UNUSUALLY FOR ME, THIS MORNING, being a Saturday, involved a little bit of work at the University Chancellery, the good offices of which have for some reason granted me the responsibility of looking into issues of plagiarism and copying by those good lads and ladies who wish to join our establishment. This morning I had to take a signed declaration banning an individual I have never met from studying at university in Portugal for the next five years. This is upon the recommendation of people I have known for over twenty years and whom I would willingly ban from the country for ever, were the chance given to me.

WHEN I LEFT MY HOUSE this morning there was a syncopated empty echo in the air – a sort of vacuum – hanging under the hackberry trees that line my street; often this indicates a crack in the weather. However, when I was taking coffee and reading The Times in the Jardim da Parada gardens it looked like the threat of rain, or hail, might be only that. There was, indeed, a little more of a sway in the maidenhair trees and the royal palm, but I couldn’t see any condensation on the leaves of the Japanese grass.

I SAT FOR A LITTLE WHILE looking at the garden before I got into the taxi. This is the Teófilo Braga garden, named after a statesman who, I imagine, “did the right thing” when called upon to do so. I was sitting on a bench by the children’s playground, looking at the giant hairy redwood and cypresses, and watching the flower sellers set up their stands. Today is probably the first day of the major sales of the Portuguese tradition of courting couples giving a manjerico, or sweet basil, plant to each other, expressing love and trust.

AND THEN I GOT INTO THE TAXI and went off with my little envelopes with the little pieces of paper with my signature on them. Somewhere, someone I do not know will be affected by this. Next week there will be elections in Portugal, and at that time I will not be here. Yet I wonder if the people who are going to be elected, or those who are going to elect them, or indeed anyone involved in the event will ever sit down in a garden and think for a little bit about whether they are doing the right thing.

THE STORM BROKE SHORTLY after I came back to the neighbourhood.
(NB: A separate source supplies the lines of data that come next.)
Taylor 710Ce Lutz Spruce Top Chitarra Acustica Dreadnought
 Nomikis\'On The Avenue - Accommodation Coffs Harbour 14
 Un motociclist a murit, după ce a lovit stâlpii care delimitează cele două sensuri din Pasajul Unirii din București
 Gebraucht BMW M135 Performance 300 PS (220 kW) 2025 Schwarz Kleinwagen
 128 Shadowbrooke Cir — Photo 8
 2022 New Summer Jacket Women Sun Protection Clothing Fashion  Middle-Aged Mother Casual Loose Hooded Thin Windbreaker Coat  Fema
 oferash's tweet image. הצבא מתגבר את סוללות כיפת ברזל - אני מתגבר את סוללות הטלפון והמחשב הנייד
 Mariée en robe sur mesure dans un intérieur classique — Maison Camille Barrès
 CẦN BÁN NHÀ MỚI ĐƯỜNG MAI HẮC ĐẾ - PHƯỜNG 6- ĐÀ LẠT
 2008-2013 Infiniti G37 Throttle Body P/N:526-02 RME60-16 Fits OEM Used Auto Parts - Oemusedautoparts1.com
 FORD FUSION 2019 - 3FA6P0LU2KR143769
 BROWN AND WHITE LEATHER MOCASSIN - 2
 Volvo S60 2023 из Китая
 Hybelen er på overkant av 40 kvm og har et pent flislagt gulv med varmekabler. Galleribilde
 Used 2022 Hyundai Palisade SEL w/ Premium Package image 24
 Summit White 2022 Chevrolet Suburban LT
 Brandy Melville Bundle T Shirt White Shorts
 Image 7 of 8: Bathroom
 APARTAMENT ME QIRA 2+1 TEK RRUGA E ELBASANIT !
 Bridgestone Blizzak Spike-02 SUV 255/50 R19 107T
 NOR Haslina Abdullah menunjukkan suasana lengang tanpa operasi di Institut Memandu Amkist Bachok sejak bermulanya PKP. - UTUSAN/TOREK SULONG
I felt the shuddering weight of the impending onslaught as I walked to the fish market; nothing was actually dropping from the sky, and the temperature had increased considerably, yet mothers were rushing their babies to safety and older men lounging about outside cafés and shops were pointing to the deep, rolling, dirty leaden sky, to each other’s grim faces, and coming out with statements such as, “We deserve this”.